SAN FRANCISCO (CN) – San Francisco on Monday ordered Uber and Lyft to turn over records on its driving practices, as City Attorney Dennis Herrera expressed concern about the ride-sharing companies’ compliance with local and state laws.
The subpoenas come less than a month after Herrera sued Uber in state court to force it to relinquish information about its drivers in San Francisco – including their names and addresses – to determine whether they have obtained the required registration to operate in the city.
Uber is fighting the case, claiming the city’s public website of registered businesses in San Francisco could expose drivers to harassment.
The companies have 15 days to comply with this new order or face fines or other penalties.
In a statement, Herrera said he is concerned about the number of Uber and Lyft drivers on city streets, saying the volume has led to traffic snarls as drivers double-park to pick up fares.
“We’ve all seen it: cars and bikes swerving to avoid an Uber or Lyft double-parked or camped in the bike lane,” Herrera said. “It’s not just a headache. It’s a hazard to everyone using the street.”
The San Francisco Municipal Transportation Agency is also worried about congestion.
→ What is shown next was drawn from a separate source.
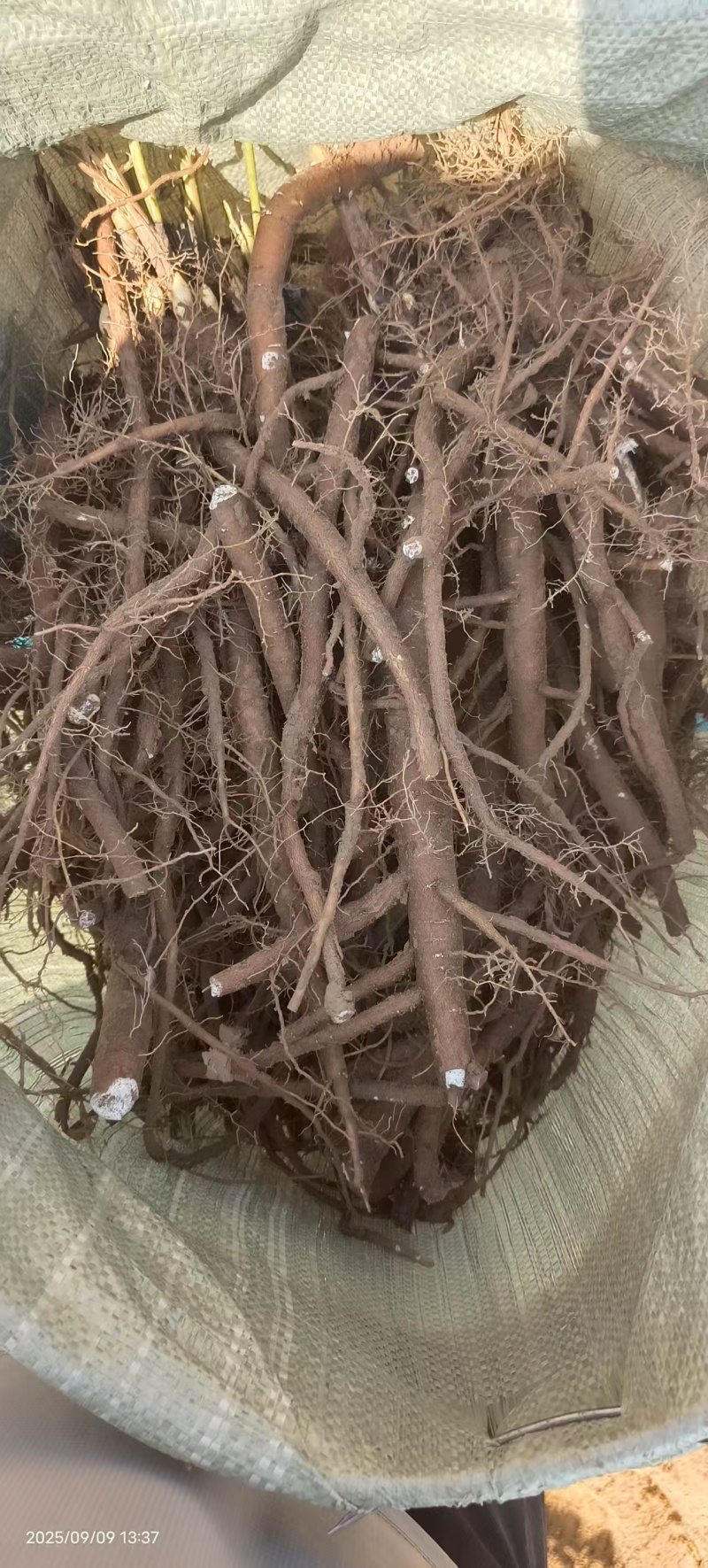 内蒙赤峰鲜货赤芍大量现货，需要好货的联系我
“We are hearing a growing number of complaints from residents, businesses, and our own traffic enforcement staff and Muni operators about the behavior of these drivers and the congestion and pollution caused by the sheer volume of these vehicles on our city’s streets,” the agency’s director of transportation Ed Reiskin said in a statement.
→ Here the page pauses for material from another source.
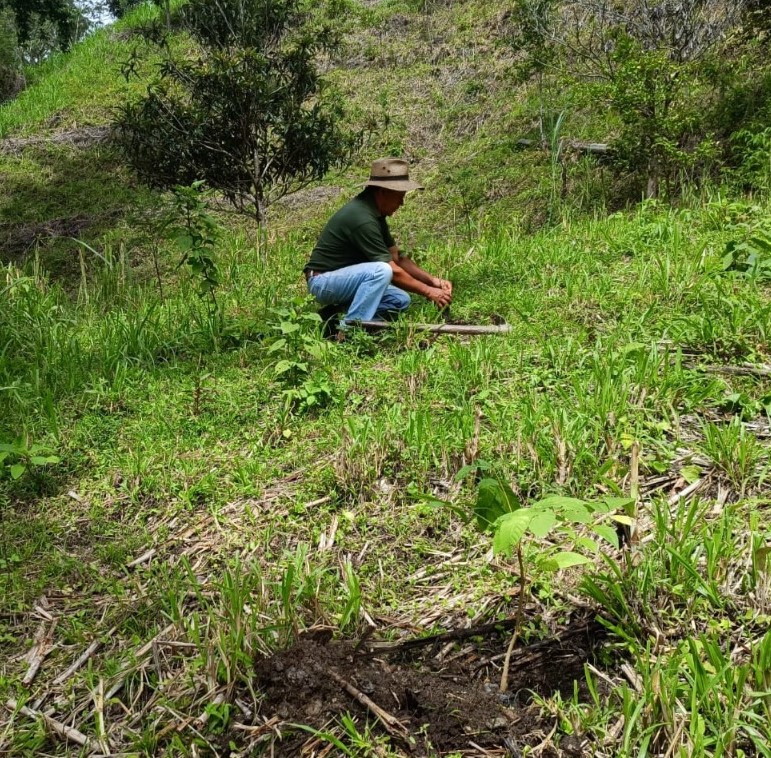 Recuperan áreas de recarga hídrica en San Agustín Acasaguastlán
In an email, Uber spokeswoman Eva Behrend said there are other reasons besides its drivers are contributing to the city’s traffic problem.
“We’re more than happy to work with the city to address congestion, but it should be a comprehensive solution including construction, the city’s population increase, and the rise of online delivery services,” Behrend said.
Alluding to Uber’s legal fight with the city over driver information, she added, “Also, given the fact that the city posts home addresses of drivers on its public website, we have serious concerns about providing personal data that the city refuses to protect.”
In a 2015 SFMTA travel survey, Uber and Lyft rides accounted for just 2 percent of trips in San Francisco. Twenty-five percent of respondents said they walk, and 24 percent take public transit. Seventy percent of San Francisco respondents said they own or have access to a car.
But Herrera also said he’s worried about drivers commuting hundreds of miles from as far as the Central Valley and Southern California just to make extra money driving for Uber or Lyft, citing a San Francisco Chronicle investigation that said drivers sometimes work 12 to 16 hours in the city on top of their long commutes.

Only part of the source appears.